Hiring managers should be aware of any such trends prior to going to market for talent. In order to pique the interest of talent during the phone screening phase of the process, it might require that the company bump up the salary grade assignment for a given role and look at it valuing it higher than it currently is internally.
In order to land highly sought after talent, the company should consider other forms of pay outside of base salary such as sign on bonuses, stock grants and perquisites to name a few. When the job offer process shifts in favor of talent, the organization will more than likely have to make compromises in order to get talent onboard.
4. Pay Mix
If your company only offers guaranteed or base pay for the job you are looking to fill, you might want to check the market to understand if variable pay is being offered for this level and type of work.
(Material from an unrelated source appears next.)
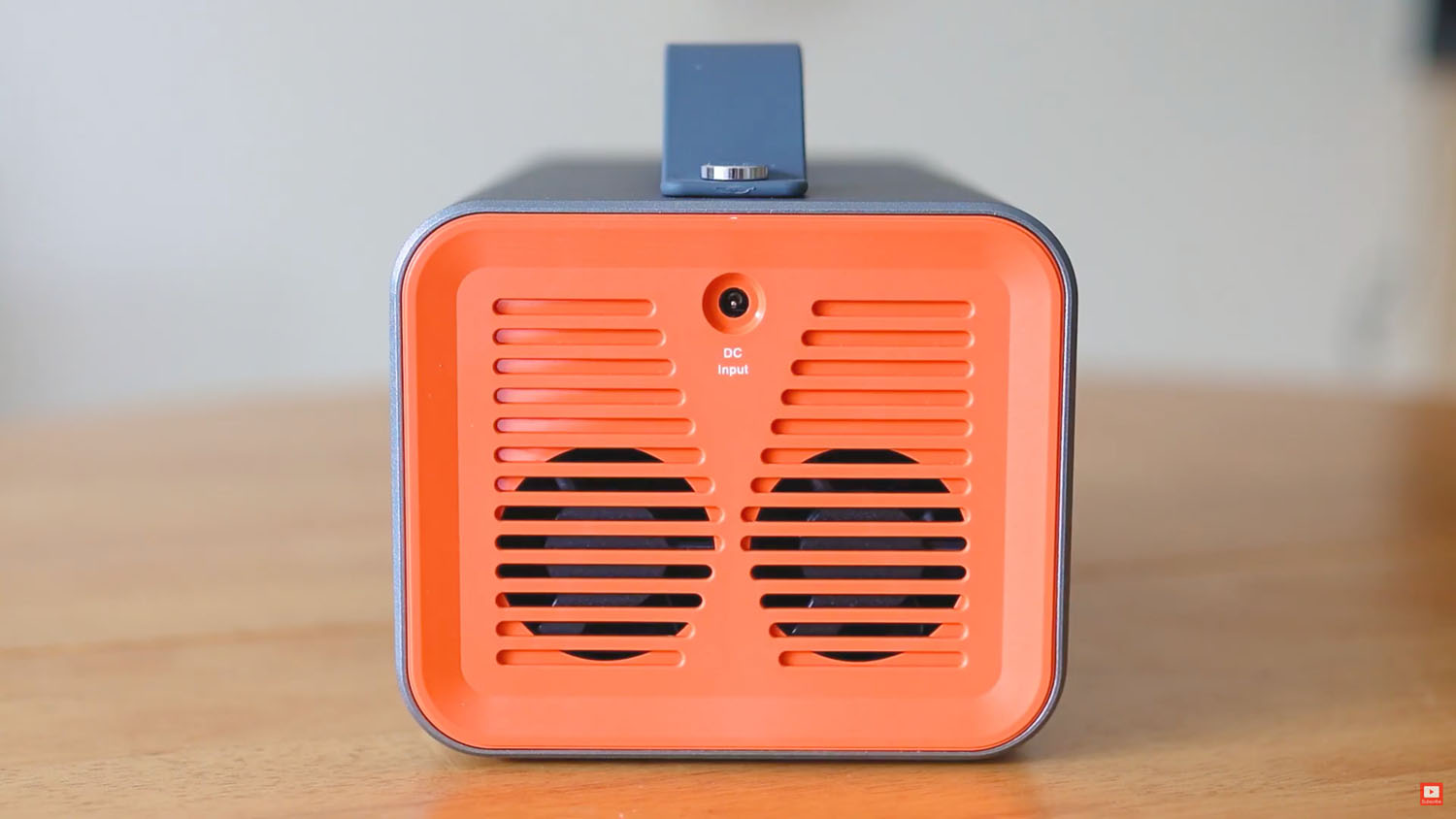 Back of the Novoo portable battery power pack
Variable pay is a growing trend and is being offered to many non-management jobs across all industries. A good majority of job seekers currently have a variable compensation opportunity that consists of some type of performance driven incentive or the opportunity to go above and beyond their normal body of work to earn additional compensation.
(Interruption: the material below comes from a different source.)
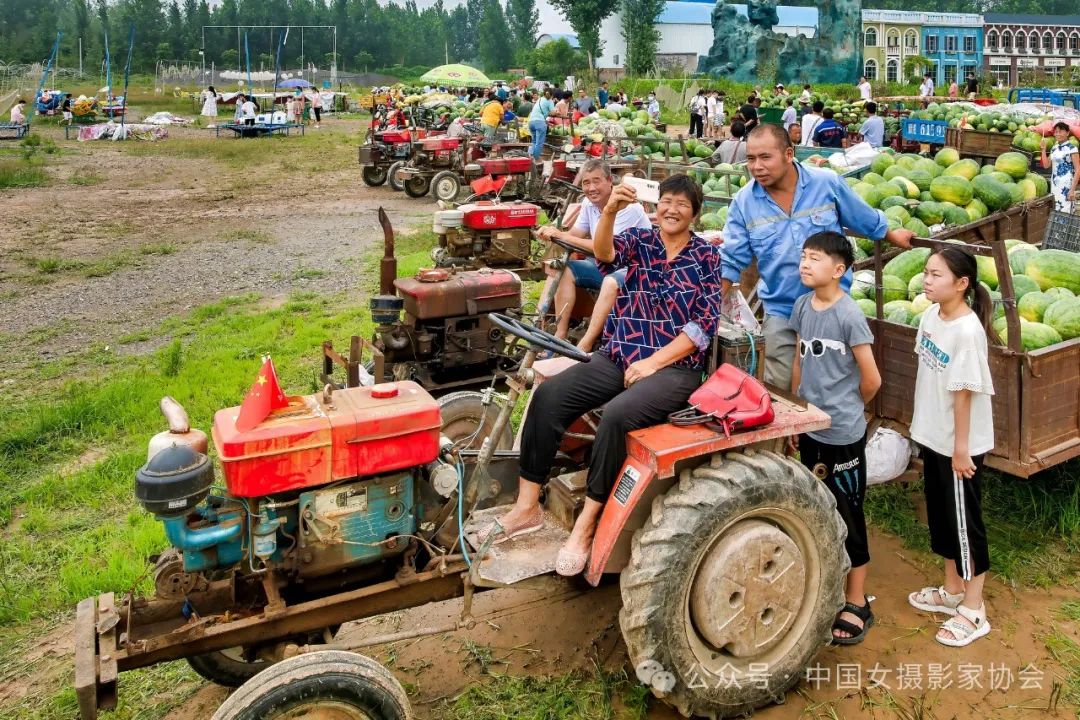 《瓜農一家秀抖音》 郭婷 攝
It is crucial that you stay on top of this trend and design your compensation packages accordingly. If you do offer incentive pay for the role you are looking to fill, confirm that the current pay mix is competitive with market trends and be open either increasing the incentive opportunity if there are data that can support this change. Work with Recruitment to sell this aspect of the compensation package to prospects as well.
5. Timing of Offer
Believe it or not, the timing of when you make an offer has an impact on the competitiveness of the compensation package.
If the company has a merit and incentive process that is based on a common anniversary date with specific eligibility cut offs, then there is an opportunity to onboard your new hire prior to the cut off date and provide them with the potential of a prorated increase before their first full year of employment with the company.
If the candidate knows that there is a chance they can recognize an increase in pay and/or receive a prorated incentive payment, this might entice them to consider the offer. Additionally, this might serve as a carrot for candidates to chase and give them incentive to work hard and prove to management they made a good hiring decision all while seeing an increase in pay shortly after arriving.
Knowing the details of the pay program eligibility can actually be a strategy that management can employ to land talent.
Once all of the above-mentioned items have been reviewed and addressed, and you are confident with the compensation package you are offering, it’s time to make that phone call and welcome your new candidate to the team!